━━ Dataset section ━━
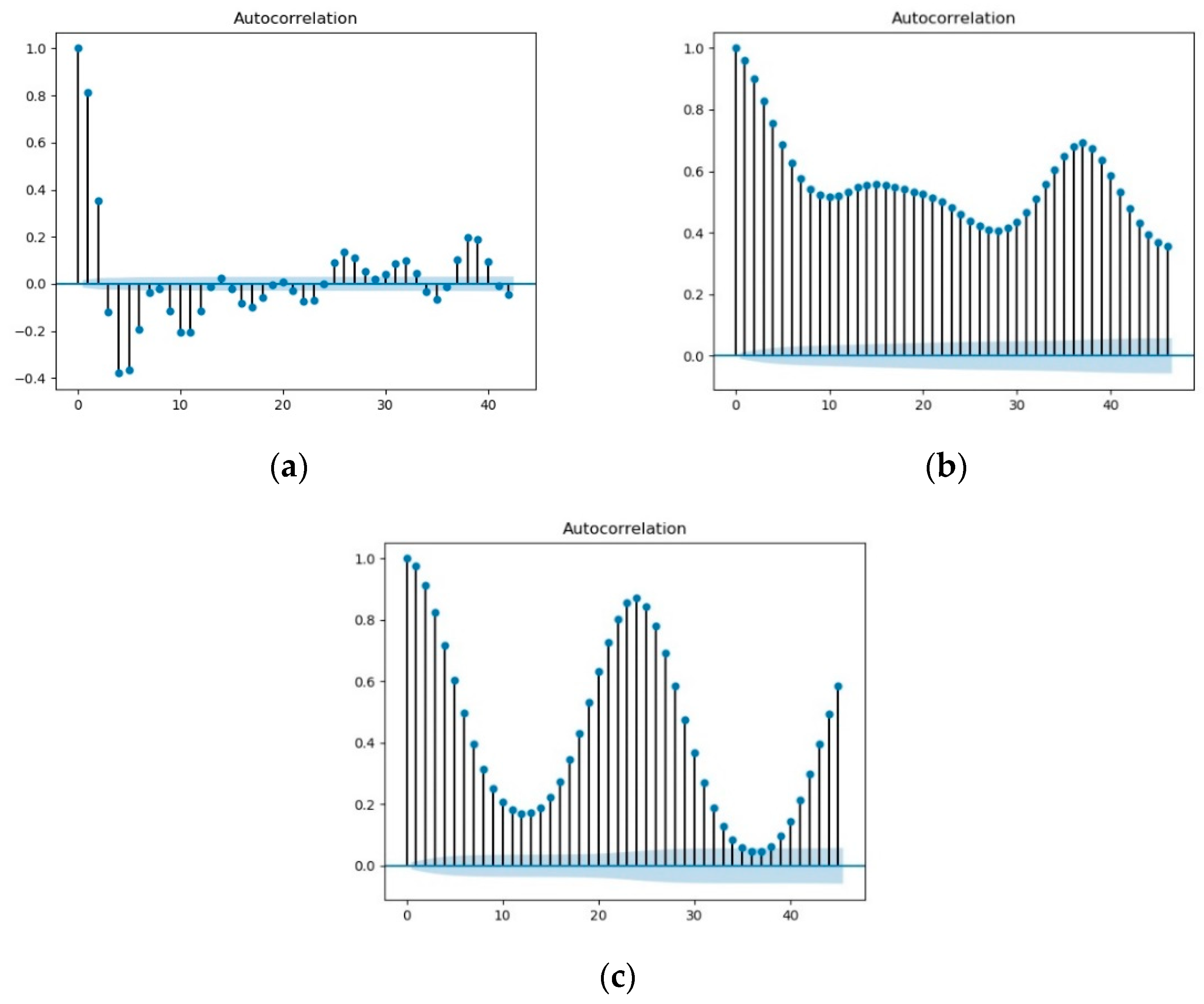 Mathematics 11 01503 g001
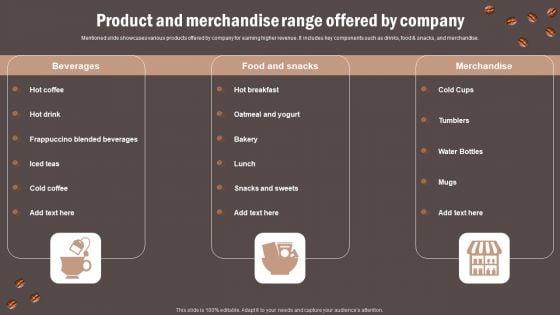 Coffee_Cafe_Company_Profile_Product_And_Merchandise_Range_Offered_By_Company_Sample_PDF_Slide_1.jpg
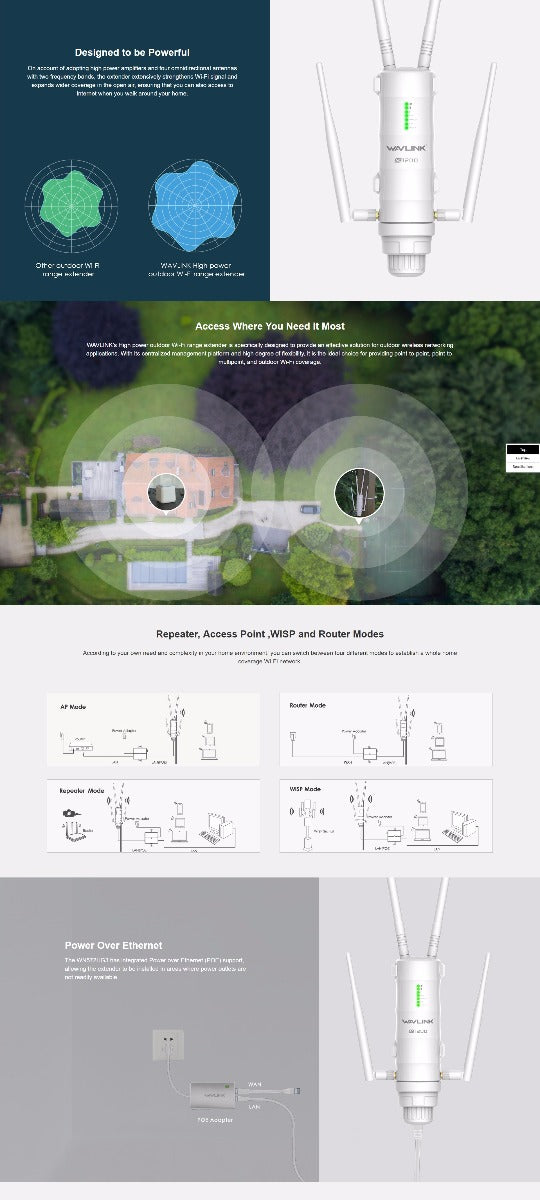 WAVLINK AC1200 High Power Outdoor Gigabit Wi-Fi Range Extender | Aerial HD4 | WS-WN572HG3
━━━
**Exercise requirements:** Return the data above unchanged. Pictures are not part of the copy.

**Task solution:**
 Mathematics 11 01503 g001
 Coffee_Cafe_Company_Profile_Product_And_Merchandise_Range_Offered_By_Company_Sample_PDF_Slide_1.jpg
 WAVLINK AC1200 High Power Outdoor Gigabit Wi-Fi Range Extender | Aerial HD4 | WS-WN572HG3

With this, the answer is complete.